Same with stuttering. Same with Parkinson's.
To 10x improve something, however, you need to question every seated assumption of that problem:

Why so many sessions? Can't this rehab period be optimized more, given how time-critical recovery is with every passing day?
Now, the goal at @oliveintel is to drastically improve both accessibility to speech-language pathology and improve what therapy can achieve in the first place.

We will do it as a single company, with one focused mission, by fixing what is possibly the gravest issue in the field:
Think of the problem broadly in terms of read-process-write in computing:

A therapist:
- reads biomarkers.
- processes/simulates possible internal states.
- writes some therapeutic payload to the brain to prompt potential rewiring.

Currently, this entire chain (feedback loop) is broken.
READ: A human therapist naturally has very serious limitations in both the throughput of the READ and the resolution, types, and volume of biomarkers they can READ. This acts as sensor inputs to the therapist.
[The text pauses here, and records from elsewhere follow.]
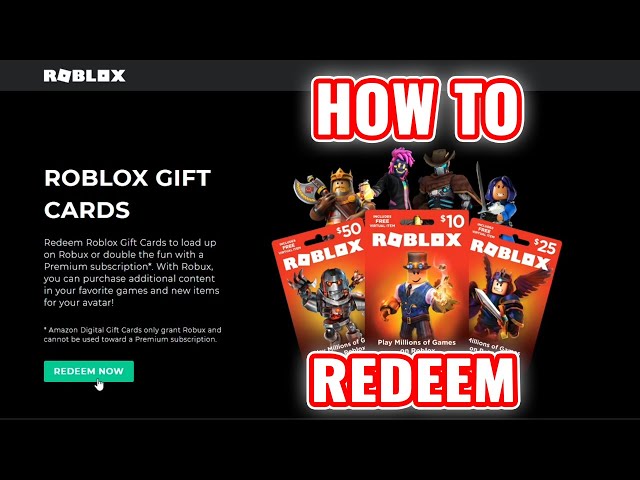How To Redeem Roblox Gift Card Codes - how do you redeem a roblox gift card code on mobile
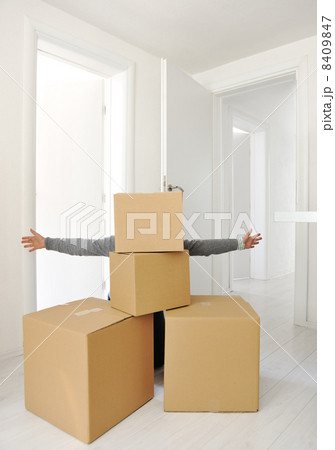 Moving Boxes at new home Moving Boxes at new home 8409847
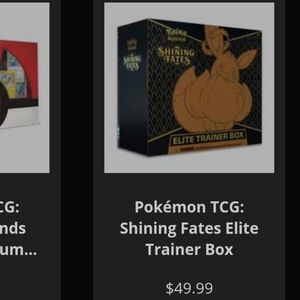 ISO shining fates elite trainer box!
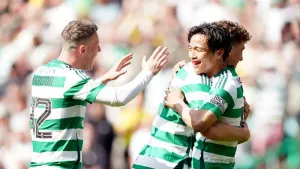 Champions Celtic now 20 points clear after hitting back to defeat Hibernian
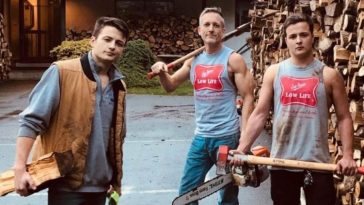 Dad And Twin Sons Cut 80 Truckloads Of Firewood And Distributed It To Needy Families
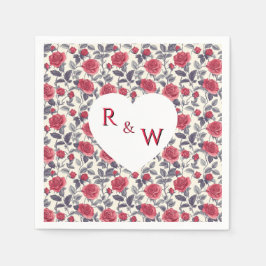 Servilleta De Papel Rosa lindo Boda Napkin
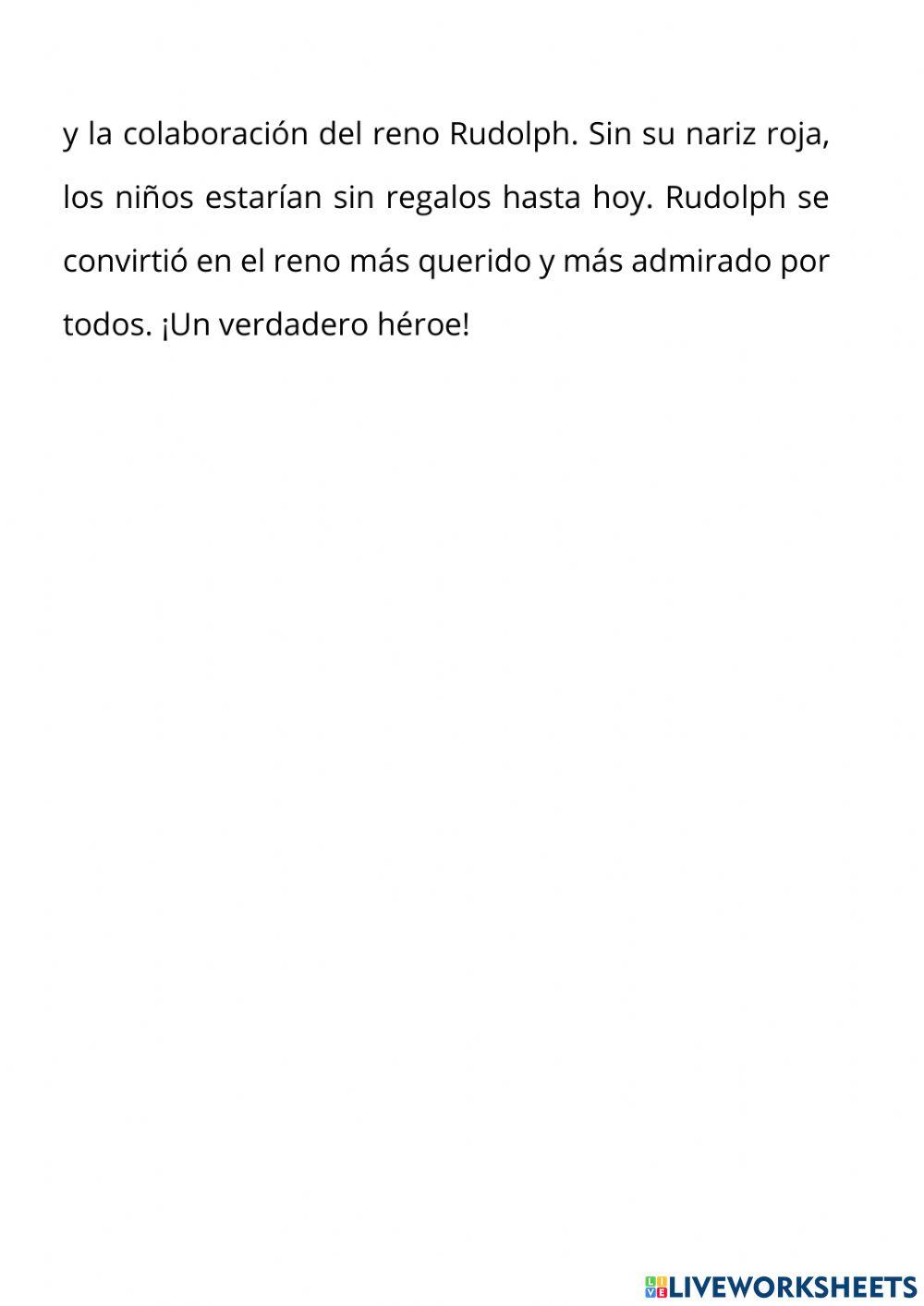 El cuento de Rudolph de Navidad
Without it, they are blind to what's happening to the patient.
PROCESS: Every WRITE given to the patient works towards a therapeutic intervention. But to do that, a therapist needs to simulate how that WRITE would manifest in the brain, in light of longitudinal changes in biomarkers.
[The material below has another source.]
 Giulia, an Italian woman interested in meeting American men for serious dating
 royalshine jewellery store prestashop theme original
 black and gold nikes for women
99% of human pathologists devastatingly fall flat here.
WRITE: The brain is highly chemical, stochastic, and nonlinear. Any successful WRITE that drives rewiring (neuroplasticity) is difficult. The less adaptive the PROCESS, the less precise the WRITE, and the lower the chances of the therapeutic payload sticking.
This feedback is incredibly tight. Given the nature of the brain, the loop needs an incredible number of cycles to be optimally effective.
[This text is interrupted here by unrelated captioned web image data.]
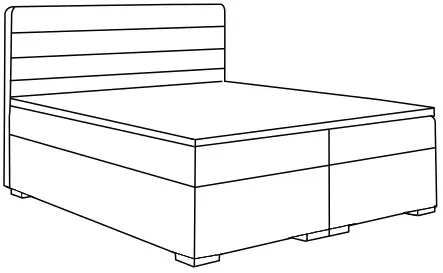 Kontinentálna posteľ 200 Benetti — 3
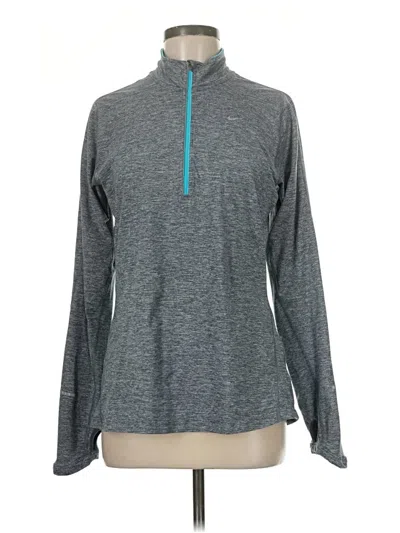 Pre-owned Nike Fleece Jacket In Gray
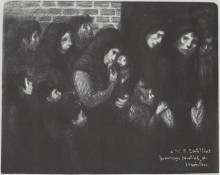 Копия картины "les veuves de courrieres" художника "стейнлен теофиль"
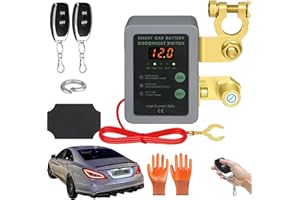 Remote Control of Car Devices for Anti-Theft Safety, Remote Battery Disconnect Switch with Digital Display,12V, 240ASmart Vol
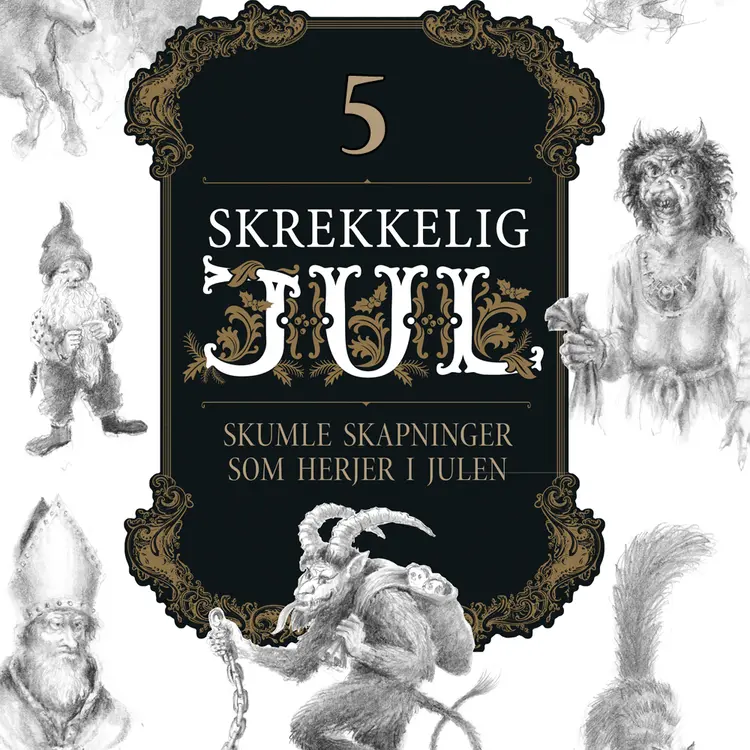 Omslag Skrekkelig jul – del 5 av Sveinung Lutro (Lydbok)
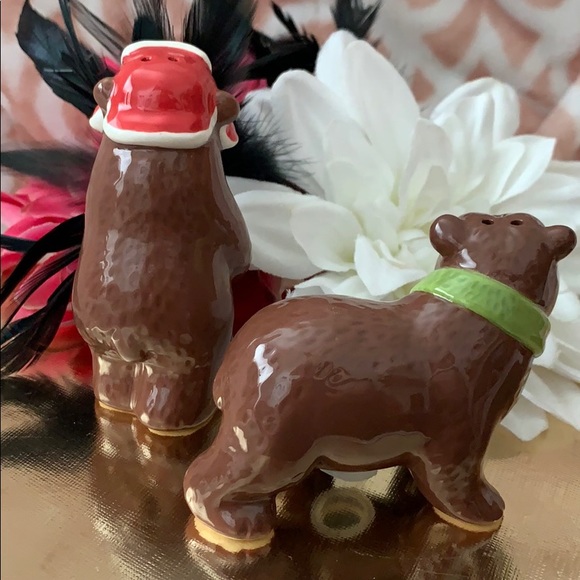 Brown Bear Salt & Pepper Shaker Set - Picture 5 of 10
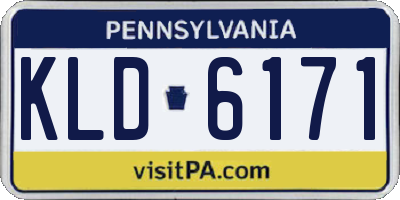 PA license plate KLD6171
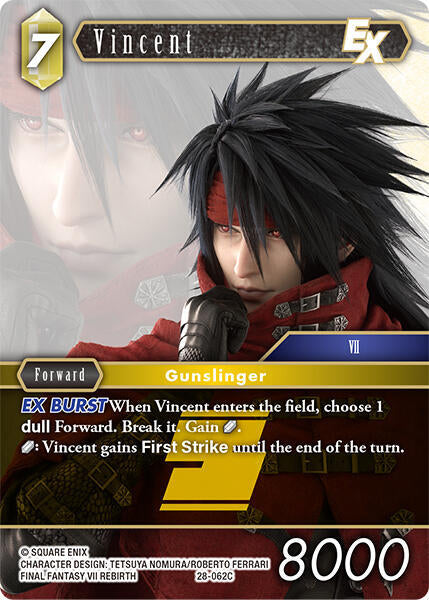 Final Fantasy TCG Dreamlike Oceans Vincent EX 28-062C Common Near Mint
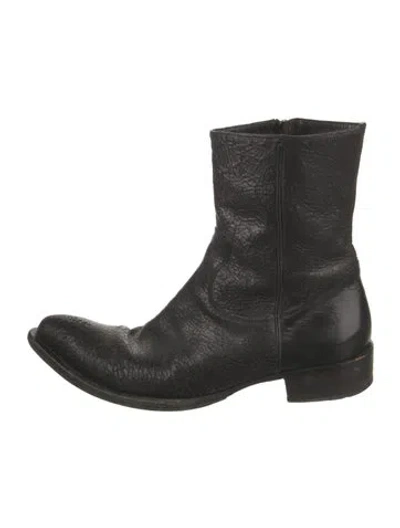 Pre-owned Buttero Leather Boots In Black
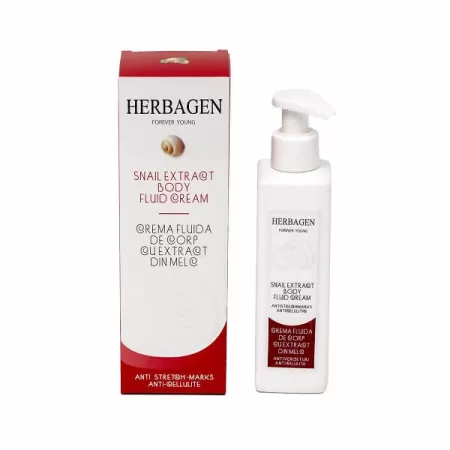 Crema de corp fluida cu extract de melc, Herbagen, 200 ml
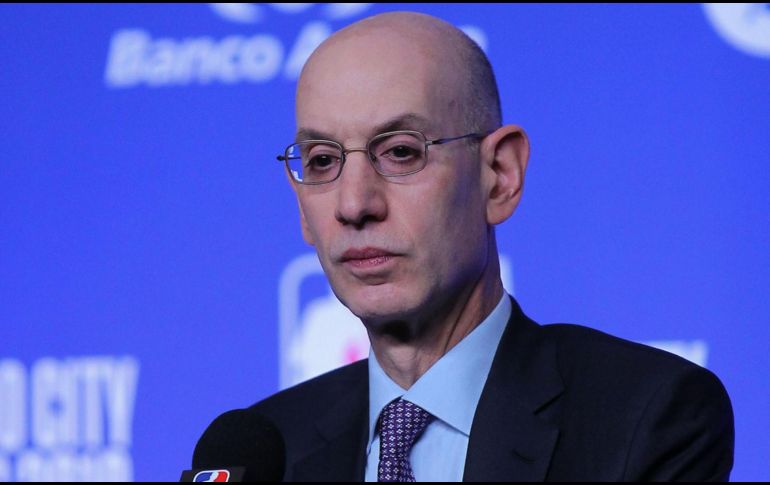 Adam Silver comisionado de la NBA. ARCHIVO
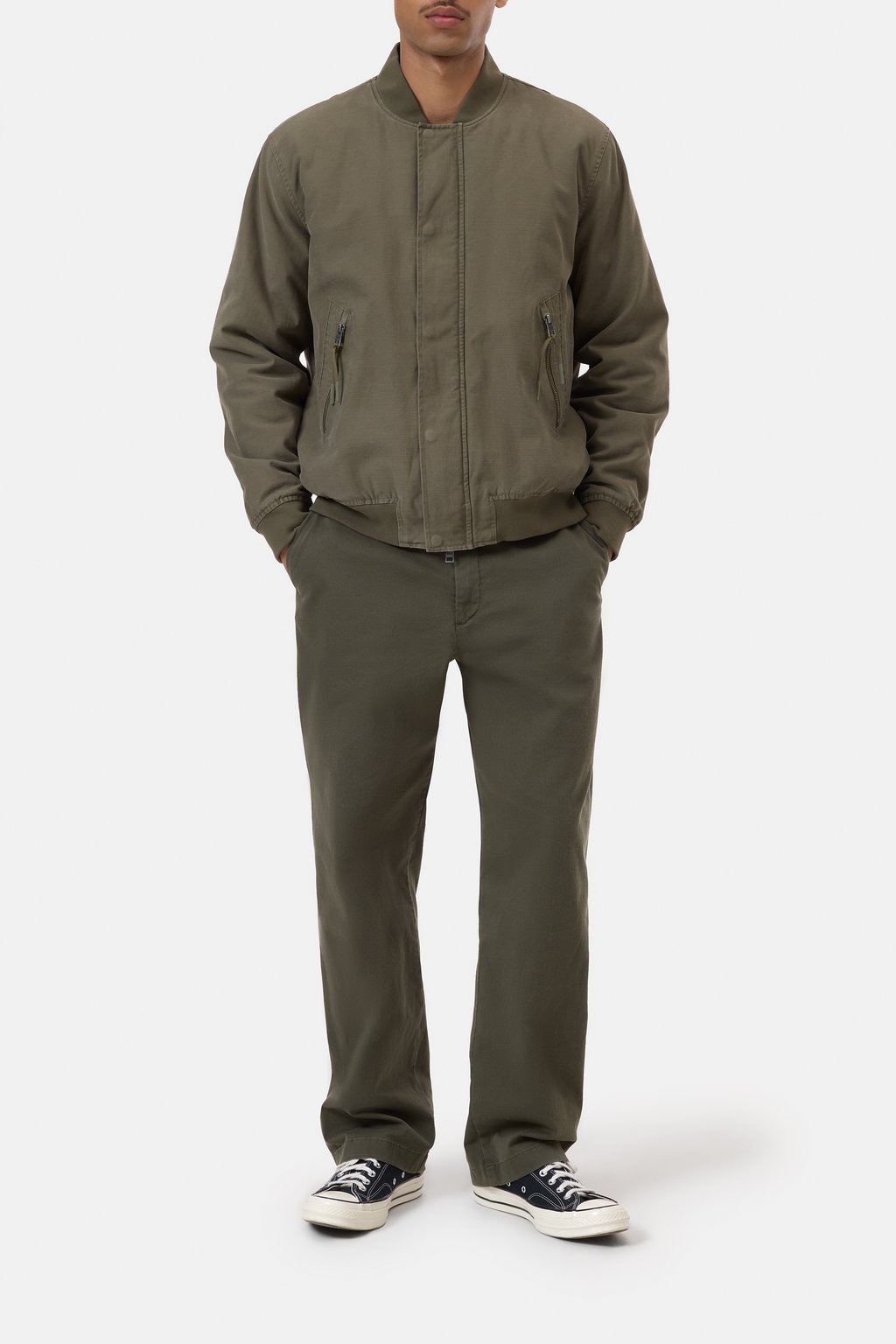 Baumwoll-Bomberjacke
A human therapist is ill-suited for this. The PROCESS stack is critical, a battle that data+compute constrained entities will lose.
The loop has to be able to regularly refine the agent's PROCESS model given the READ-WRITE pairs. This, abstractly, is key to improving therapeutics. More than read-writes, this is the biggest broken link in the human therapist chain.

We will fix this!
The arbitrary therapist doesn't have to be in a standard conversation-only chatbot form. But it is the fastest to start with.

Over time, we plan on testing with neurostimulation technologies (AI-in-the-loop) and improved comp neuro models plugged to better READ data (EEG, etc).
The prospect of future pharmacological and neurostimulation being augmented by an AI-in-the-loop-therapist is exciting!

Without all this, we will forever be constrained by the massive limitations of the human therapist model.

These conditions are too important to be a Luddite!
So... what are we doing, then?

First, we're working on creating an AI SLP app to jumpstart the above loop. The tech (and data) for enabling at a valuable enough level most of it, frankly, doesn't exist. So we're building it from scratch.
For fluency disorders (stuttering), understanding disfluencies (biomarker) in the voice and its type is critical, since therapy personalizes on it.

We now have a stuttering disfluency event detection/classification model competing with/beating public SOTA models.
Understanding breathing (biomarker) of a patient is important for many speech-language disorders. We started work on transcribing and understanding breaths from mic audio.

Several acoustic vocal markers give insight into the person's speech. Working on signal data -> insight.
In short, we're currently building for the READ part of the problem (diagnostics) and working on augmenting that with our AI SLP.

The tools and workflows to enable this loop will need to be created. We will do it. We love tech! We love neuroscience! Will be a fun adventure! 🚢☀️
*Not to say improved diagnostics, better longitudinal assessments and better therapeutic protocols aren't as important as finding better interventions. They will be vastly improved too, by us.*

We will improve every part of the stack to enable improved therapeutic outcomes.

The original tweet thread is here.

We see a future where these communication disorders go from being manageable to as close to treatable as possible (given reasonable constraints). And we’re working on improving therapeutics themselves to get us there, starting with conversational therapy.